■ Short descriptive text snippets
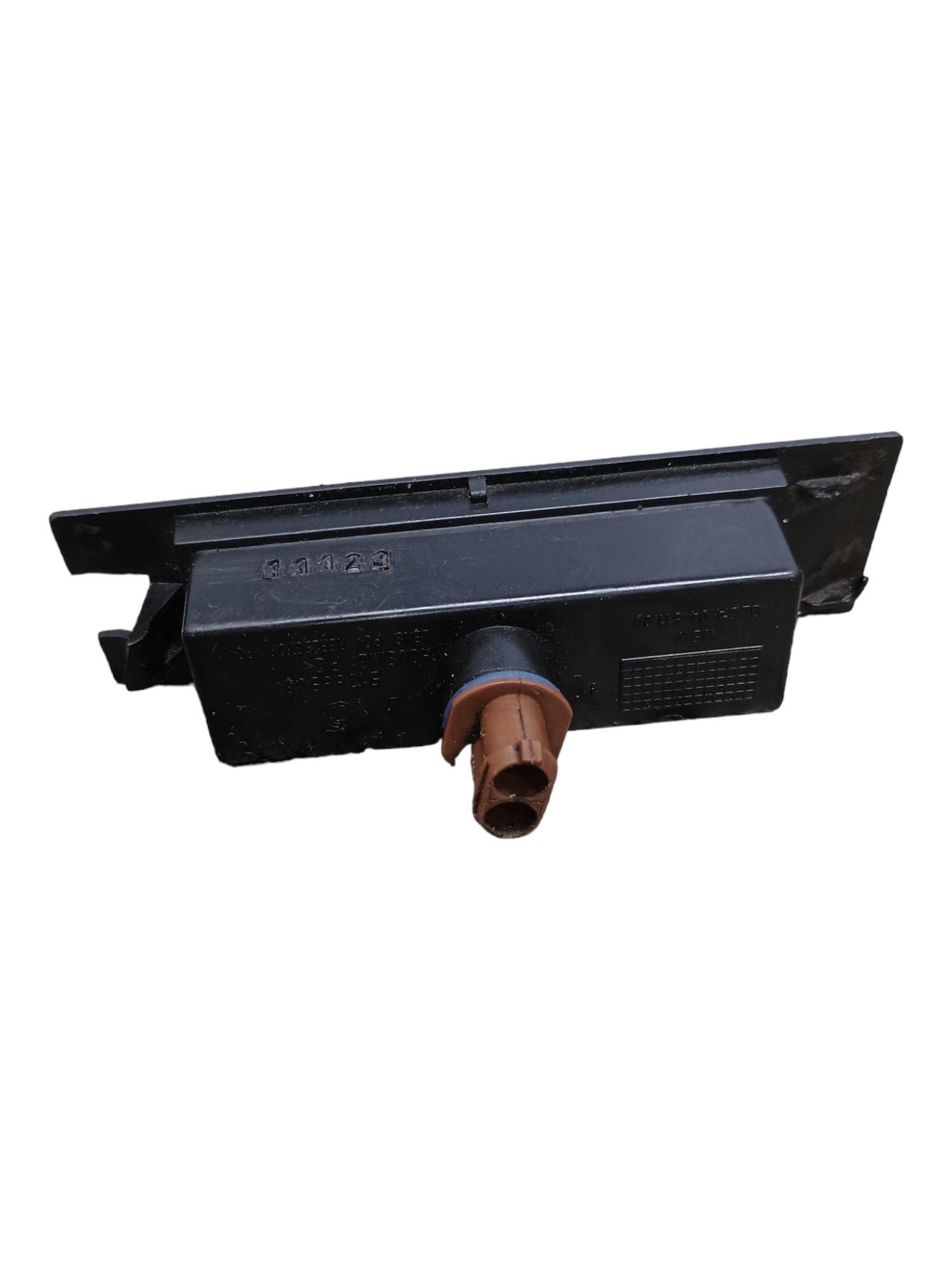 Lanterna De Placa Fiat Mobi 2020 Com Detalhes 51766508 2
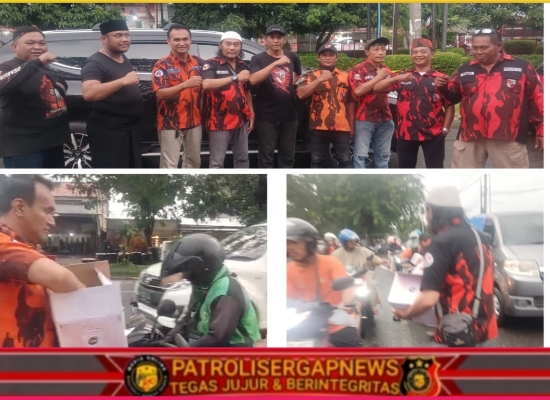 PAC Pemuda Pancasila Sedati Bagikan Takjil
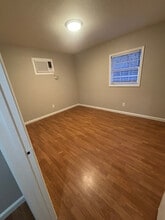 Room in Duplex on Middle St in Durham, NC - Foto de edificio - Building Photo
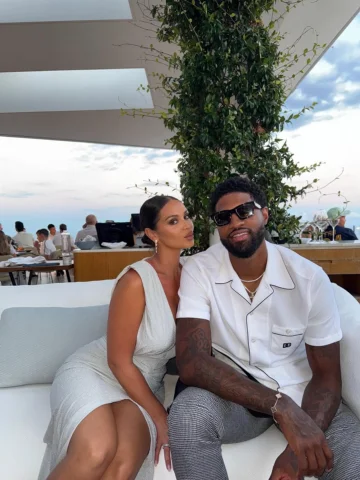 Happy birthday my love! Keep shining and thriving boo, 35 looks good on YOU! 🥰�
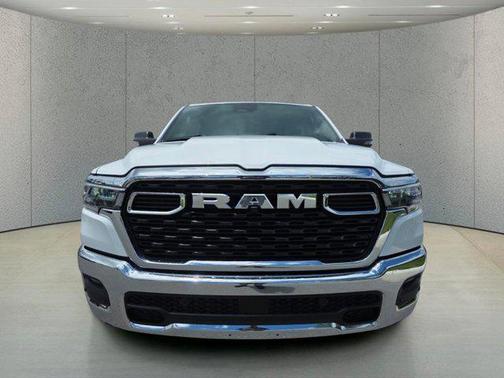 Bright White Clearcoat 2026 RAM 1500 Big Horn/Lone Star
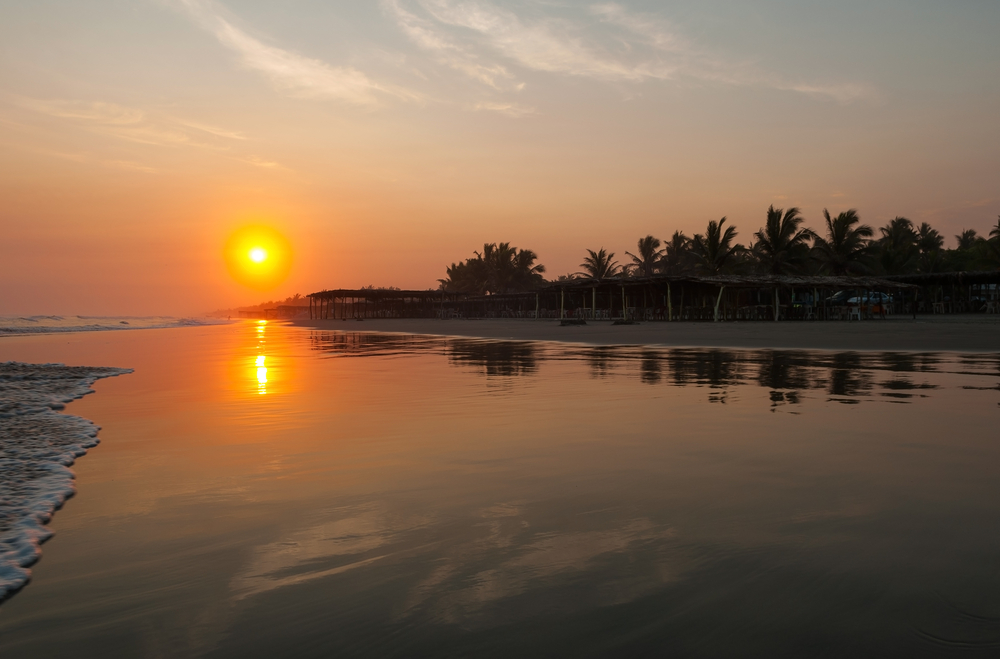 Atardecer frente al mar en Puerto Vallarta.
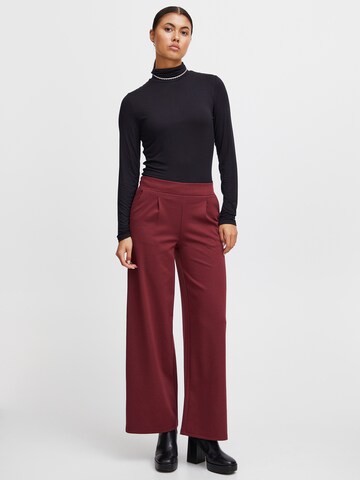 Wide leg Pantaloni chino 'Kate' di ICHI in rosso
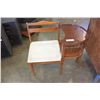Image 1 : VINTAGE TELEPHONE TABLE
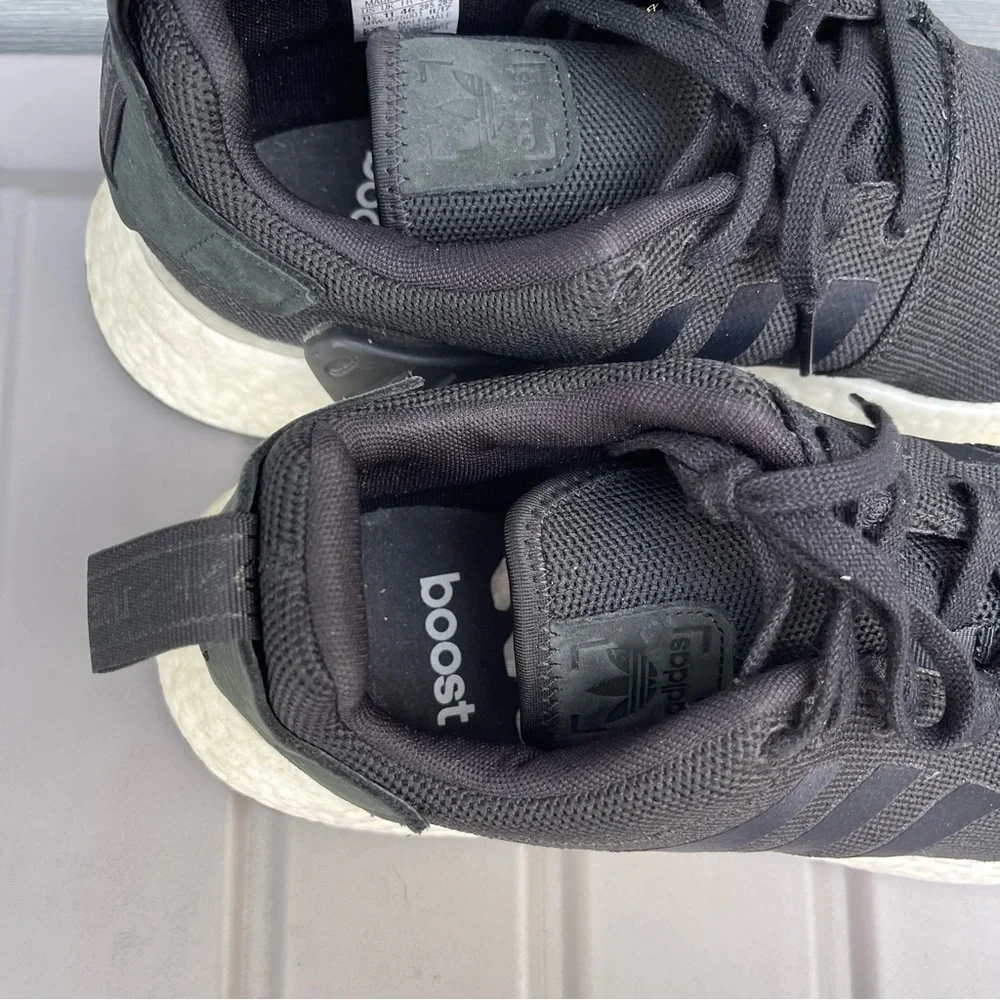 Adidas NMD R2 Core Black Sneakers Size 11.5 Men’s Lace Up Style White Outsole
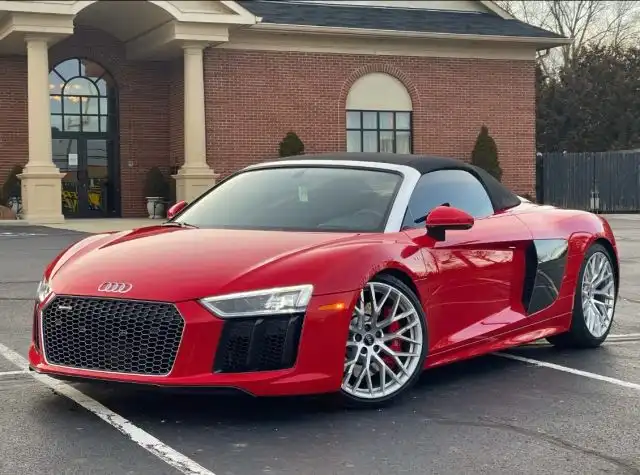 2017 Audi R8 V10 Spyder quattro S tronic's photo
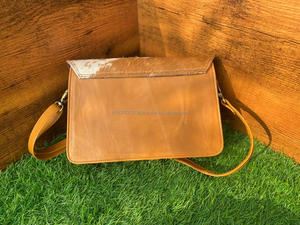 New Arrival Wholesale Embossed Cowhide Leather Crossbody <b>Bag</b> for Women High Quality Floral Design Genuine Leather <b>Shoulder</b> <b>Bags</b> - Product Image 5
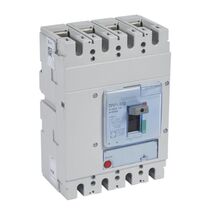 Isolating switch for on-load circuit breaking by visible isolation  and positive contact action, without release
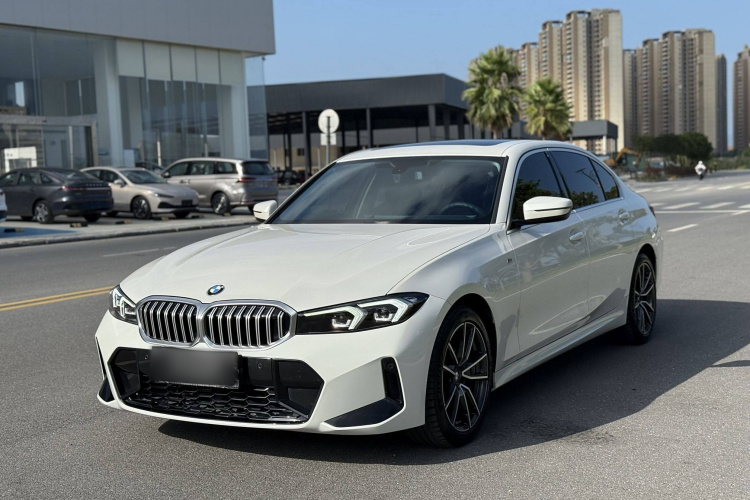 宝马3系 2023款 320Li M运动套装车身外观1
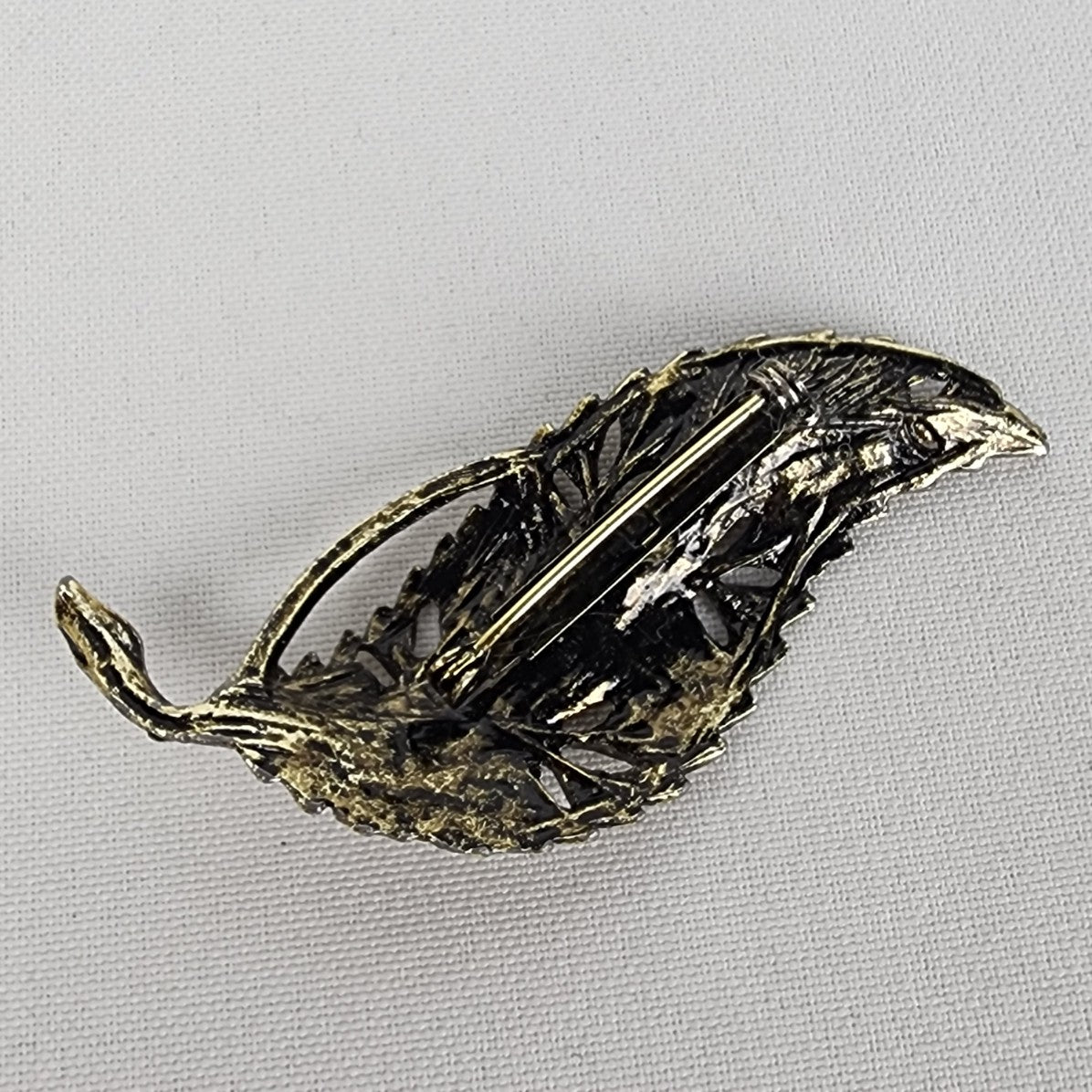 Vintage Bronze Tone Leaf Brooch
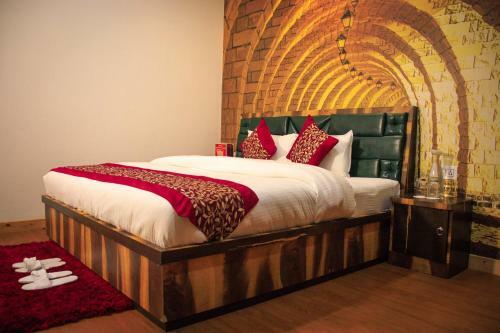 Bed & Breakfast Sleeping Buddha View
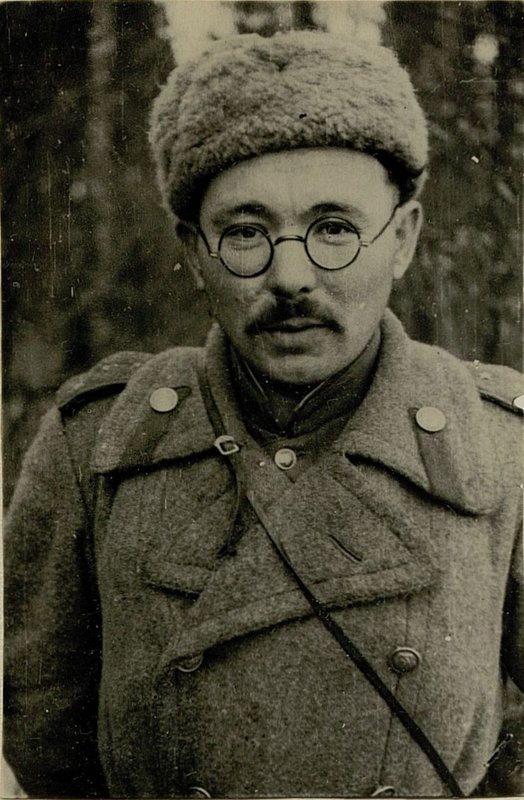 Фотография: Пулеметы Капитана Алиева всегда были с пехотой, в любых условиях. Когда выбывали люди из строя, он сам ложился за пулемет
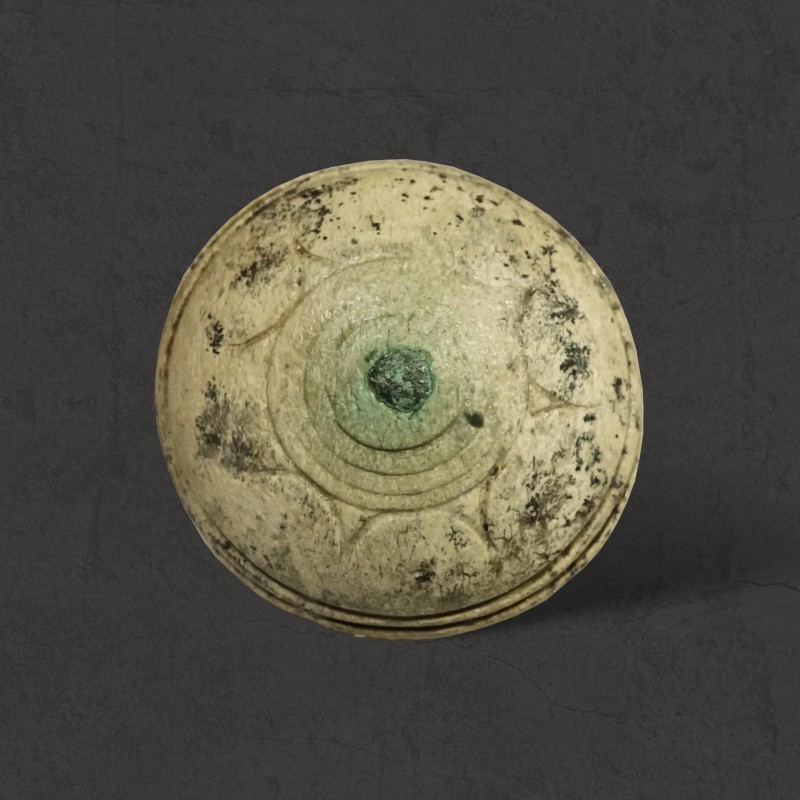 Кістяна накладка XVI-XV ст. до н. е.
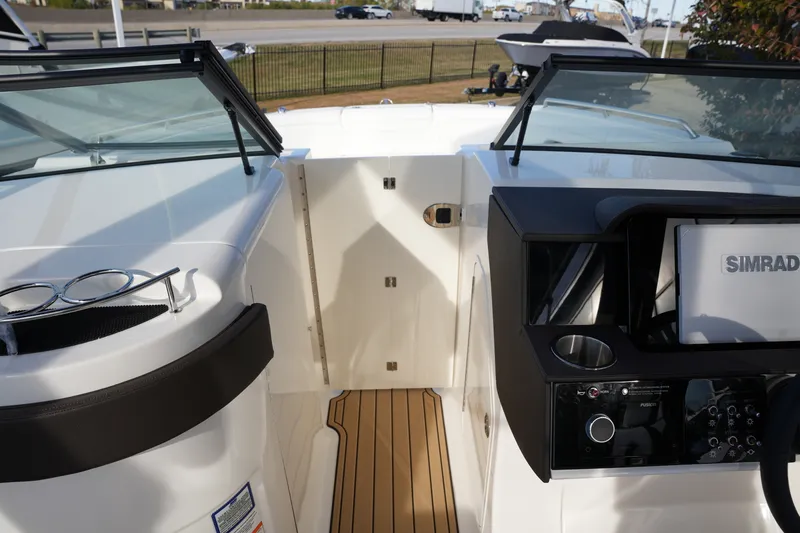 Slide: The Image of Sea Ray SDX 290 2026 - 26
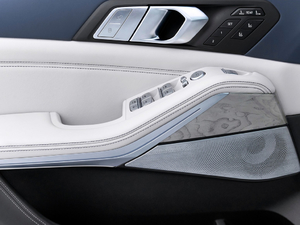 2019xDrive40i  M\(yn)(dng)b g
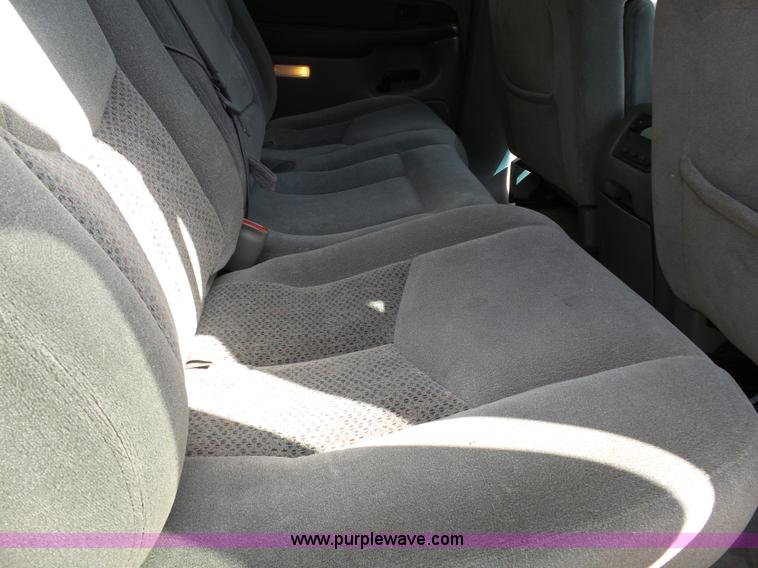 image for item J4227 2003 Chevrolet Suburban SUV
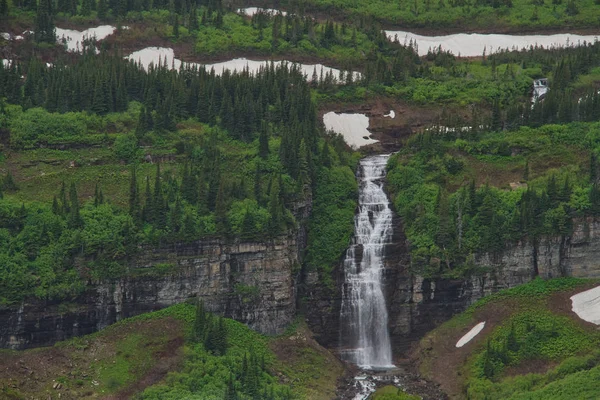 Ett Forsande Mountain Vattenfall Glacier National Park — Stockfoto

■ Your instructions
Each line from the one holding "Isolating switch for" to the end of the records above must be copied exactly; the pictures must not be copied.

■ Exercise response
 Isolating switch for on-load circuit breaking by visible isolation  and positive contact action, without release
 宝马3系 2023款 320Li M运动套装车身外观1
 Vintage Bronze Tone Leaf Brooch
 Bed & Breakfast Sleeping Buddha View
 Фотография: Пулеметы Капитана Алиева всегда были с пехотой, в любых условиях. Когда выбывали люди из строя, он сам ложился за пулемет
 Кістяна накладка XVI-XV ст. до н. е.
 Slide: The Image of Sea Ray SDX 290 2026 - 26
 2019xDrive40i  M\(yn)(dng)b g
 image for item J4227 2003 Chevrolet Suburban SUV
 Ett Forsande Mountain Vattenfall Glacier National Park — Stockfoto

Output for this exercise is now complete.